Cache **query settings**:
- `enable_filesystem_cache` - allows to disable cache per query even if storage policy was configured with `cache` disk type. Default: `true`.
- `read_from_filesystem_cache_if_exists_otherwise_bypass_cache` - allows to use cache in query only if it already exists, otherwise query data will not be written to local cache storage. Default: `false`.
- `enable_filesystem_cache_on_write_operations` - turn on `write-through` cache. This setting works only if setting `cache_on_write_operations` in cache configuration is turned on.

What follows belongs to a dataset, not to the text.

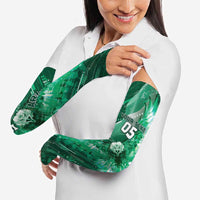Custom Saudi Arabia Football Arm Sleeves Eagle With Desert Glitch Cyberpunk Art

- `enable_filesystem_cache_log` - turn on logging to `system.filesystem_cache_log` table. Gives a detailed view of cache usage per query. Default: `false`.
- `max_query_cache_size` - a limit for the cache size, which can be written to local cache storage. Requires enabled `enable_filesystem_query_cache_limit` in cache configuration. Default: `false`.

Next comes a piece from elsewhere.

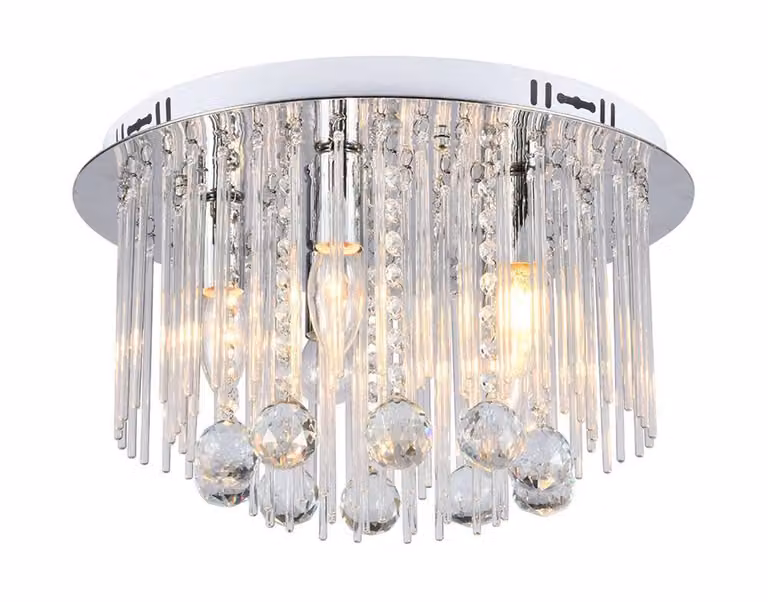 V-TAC Lampadario da soffitto design a Cristalli con Portalampade E14x5 Colore Argento H400xD240mm - 23359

- `skip_download_if_exceeds_query_cache` - allows to change the behaviour of setting `max_query_cache_size`. Default: `true`. If this setting is turned on and cache download limit during query was reached, no more cache will be downloaded to cache storage. If this setting is turned off and cache download limit during query was reached, cache will still be written by cost of evicting previously downloaded (within current query) data, e.g. second behaviour allows to preserve `last recentltly used` behaviour while keeping query cache limit.
** Warning **
Cache configuration settings and cache query settings correspond to the latest ClickHouse version, for earlier versions something might not be supported.
Cache **system tables**:
- `system.filesystem_cache` - system tables which shows current state of cache.

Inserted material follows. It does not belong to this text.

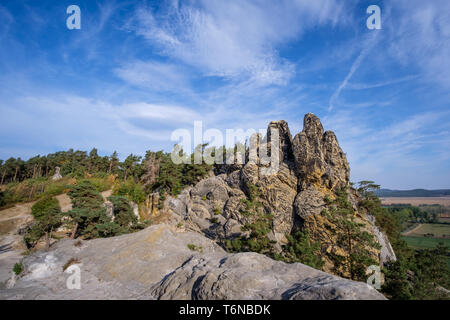 Formazione di roccia Teufelsmauer, Montagne Harz, Germania Foto Stock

- `system.filesystem_cache_log` - system table which shows detailed cache usage per query. Requires `enable_filesystem_cache_log` setting to be `true`.
Cache **commands**:
- `SYSTEM DROP FILESYSTEM CACHE (<path>) (ON CLUSTER)`
- `SHOW CACHES` -- show list of caches which were configured on the server.
- `DESCRIBE CACHE '<cache_name>'` - show cache configuration and some general statistics for a specific cache. Cache name can be taken from `SHOW CACHES` command.
Cache current metrics:
- `FilesystemCacheSize`
- `FilesystemCacheElements`
Cache asynchronous metrics:
- `FilesystemCacheBytes`
- `FilesystemCacheFiles`
Cache profile events:
- `CachedReadBufferReadFromSourceBytes`, `CachedReadBufferReadFromCacheBytes,`
- `CachedReadBufferReadFromSourceMicroseconds`, `CachedReadBufferReadFromCacheMicroseconds`
- `CachedReadBufferCacheWriteBytes`, `CachedReadBufferCacheWriteMicroseconds`
- `CachedWriteBufferCacheWriteBytes`, `CachedWriteBufferCacheWriteMicroseconds`
## Storing Data on Web Server {#storing-data-on-webserver}
There is a tool `clickhouse-static-files-uploader`, which prepares a data directory for a given table (`SELECT data_paths FROM system.tables WHERE name = 'table_name'`). For each table you need, you get a directory of files. These files can be uploaded to, for example, a web server with static files. After this preparation, you can load this table into any ClickHouse server via `DiskWeb`.